LA SEMANA POLÍTICA ESPAÑOLA se ha visto animada por la maniobra puesta en marcha por Cascos -actual ministro de Fomento y ex vicepresidente del Gobierno- para que el 14º Congreso del PP del próximo mes de enero le exija a Aznar la ruptura de su reiterado compromiso de no permanecer al frente del Ejecutivo más allá de ocho años seguidos y la aceptación de la candidatura a la presidencia del Gobierno en la convocatoria del año 2004. Aznar utilizó el plural mayestático en su sibilina contestación- 'vamos a hacer lo que tenemos decidido hacer'- a la conminatoria sugerencia del antiguo secretario general del PP. Aunque algunas voces tan representativas de la vieja guardia de Alianza Popular (AP) como Fraga y Juan José Lucas habían expresado ya opiniones muy semejantes a las tesis de Cascos, los pitonisos más cercanos a Aznar han interpretado sus enigmáticas palabras como la ratificación inequívoca de la promesa formal hecha en 1996.

El ministro de Fomento pretende que el 14º Congreso del PP exija al presidente del Gobierno la ruptura del compromiso de abandonar el cargo en el año 2004 y la aceptación de la candidatura electoral

Inasequible al desaliento, tal y como sus antiguos ideales aconsejan, el ministro de Fomento volvió a la carga (sin sentirse desautorizado por la misteriosa respuesta de Aznar) como el abanderado del derecho de los militantes a expresar sus opiniones en público y a tomar parte en las decisiones. Ese repentino entusiasmo por la democracia interna del PP cuadra mal, sin embargo, con la ejecutoria de Cascos, que participó durante el verano de 1989 en la conspiración a cuatro para conseguir la designación digital de Aznar como sucesor de Fraga, ejerció despóticamente sus poderes de secretario general de la organización durante años y desestabilizó desde fuera al presidente popular de Asturias en la anterior legislatura. Desechada por incongruente la voluntad democratizadora de la iniciativa de Cascos, el descontento personal por sentirse relegado en el 14º congreso y por aparecer en televisión únicamente para inaugurar obras públicas no parece una causa capaz de explicar por sí sola esa audaz propuesta.

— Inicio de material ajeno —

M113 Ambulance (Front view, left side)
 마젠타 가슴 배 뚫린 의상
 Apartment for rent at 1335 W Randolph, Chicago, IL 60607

La conjetura de que el ministro de Fomento se ha prestado voluntariamente a ser el instrumento elegido por Aznar para tantear discretamente el terreno no es demasiado plausible: ni Cascos es un buhonero indicado para vender ese globo-sonda, ni el presidente del Gobierno necesitaba sus servicios. Tampoco es probable que ese correoso profesional del poder haya ido por libre en un asunto que podría costarle políticamente la cabeza. El malestar de los veteranos de AP frente a un sorteo para el que cuentan con pocas papeletas (sobre todo tras la avería sufrida por Rato en el caso Gescartera), el miedo a ser marginados por un nuevo jefe del Gobierno y el temor a que la guerra sucesoria divida al partido, alborote el avispero y perjudique las posibilidades electorales del PP pueden haber encontrado en Cascos a su portavoz ideal: a la vista de la situación, la continuidad de Aznar sería -diría un economista- un óptimo paretiano para la vieja guardia.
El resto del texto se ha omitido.